Metterci la faccia. Condividere il proprio sorriso con un progetto. Sottoscrivere con un clin d’oeil, uno sguardo, un occhiolino, una idea o un appello. Una speranza o una protesta. Perché uno scatto dal telefonino non è mai fine a se stesso: è il primo passo di una concatenazione di atti comunicativi. Ed è perciò il contrario del messaggio narciso. Punta alla diffusione e si apre a una critica che può toccare il contenuto quanto il contesto; la tecnica quanto il suo portato semiotico. Perché mettere in gioco la propria fisicità, il proprio aspetto fisico, significa mettere sul piatto la parte più intima e scoperta di sé. Offrire la propria vulnerabilità al compromesso mediatico.

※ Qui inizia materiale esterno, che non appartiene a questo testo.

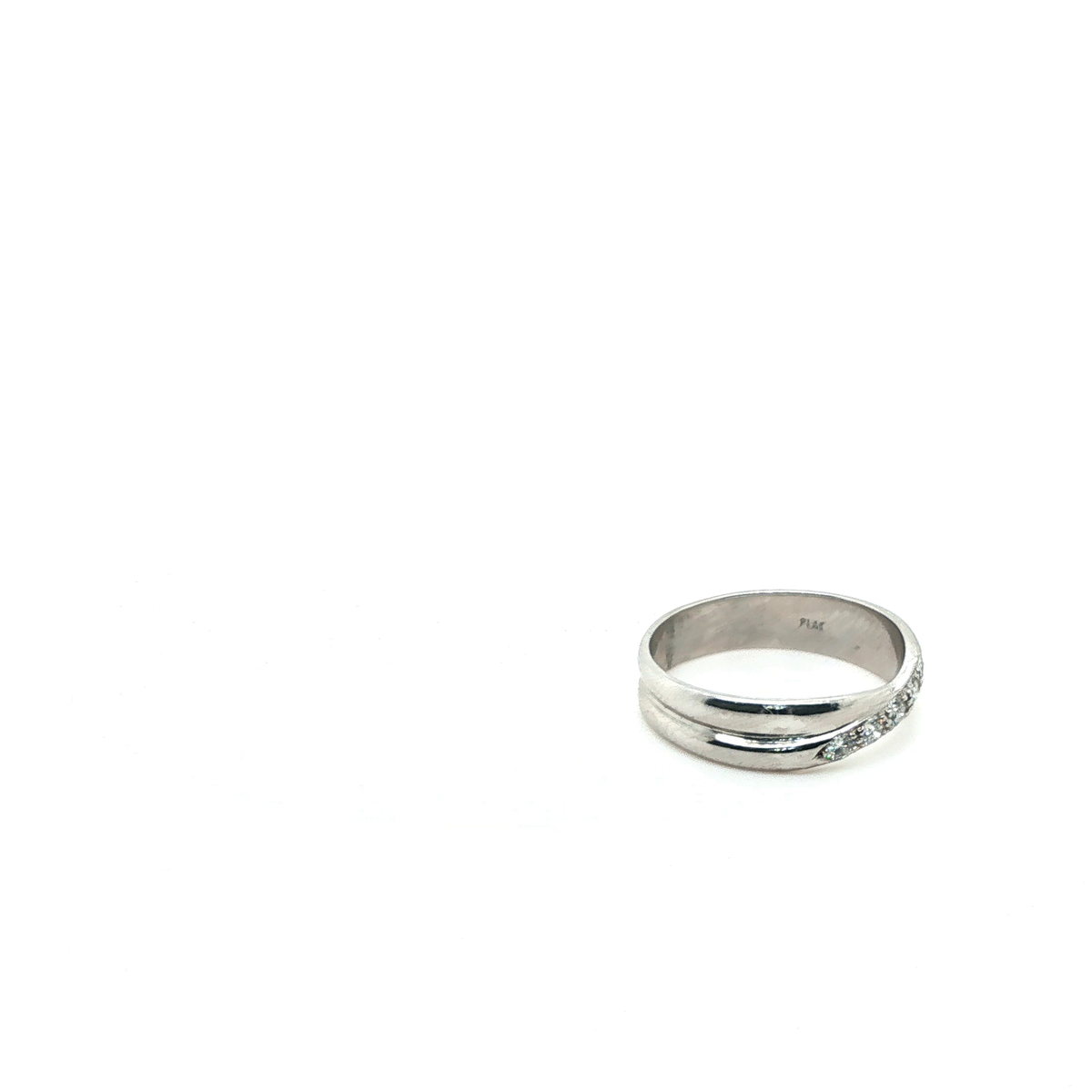 Round Brilliant Diamond Platinum Wedding Band with Engraved Interior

I veri narcisi oggi sono quelli che si sottraggono, ritenendo di mantenere la propria immagine nel sacrario privato e inviolabile della propria vetrinetta di casa. La partecipazione, la condivisione, l’engagement si manifesta offrendo il proprio viso al vento della rete, che scompiglia e spettina per antonomasia, senza troppi riguardi.


Nella macchina della comunicazione della politica, il selfie è il volano che spinge l’autore a farsi propalatore virale dell’immagine fotografata, e per dirla con De Saussure, sia del significato sia del significante. Nella Lega – dove la Bestia brevettata da Luca Morisi assegna un punteggio di merito specifico ad ogni tipologia di output digitale – il selfie viene non a caso al primo posto. E ad ogni manifestazione pubblica leghista c’è una organizzazione definita e precisa: i militanti sfilano uno alla volta in un corridoio che ha un punto di immissione, un centro focale e una via d’uscita.


Sarà senz’altro vero che in molti si limitano al selfie per godere dell’effetto alone del divismo, ma è parte della comunicazione leaderistica, immediata e ipermediatizzata di questo frangente storico. Se la videocrazia descritta da Giovanni Sartori è oggi diventata selfiecrazia, più orizzontale e trasversale, non è affatto un male. Il telefono che stringiamo in mano è diventato il telecomando per incidere sulla politica in tempo reale.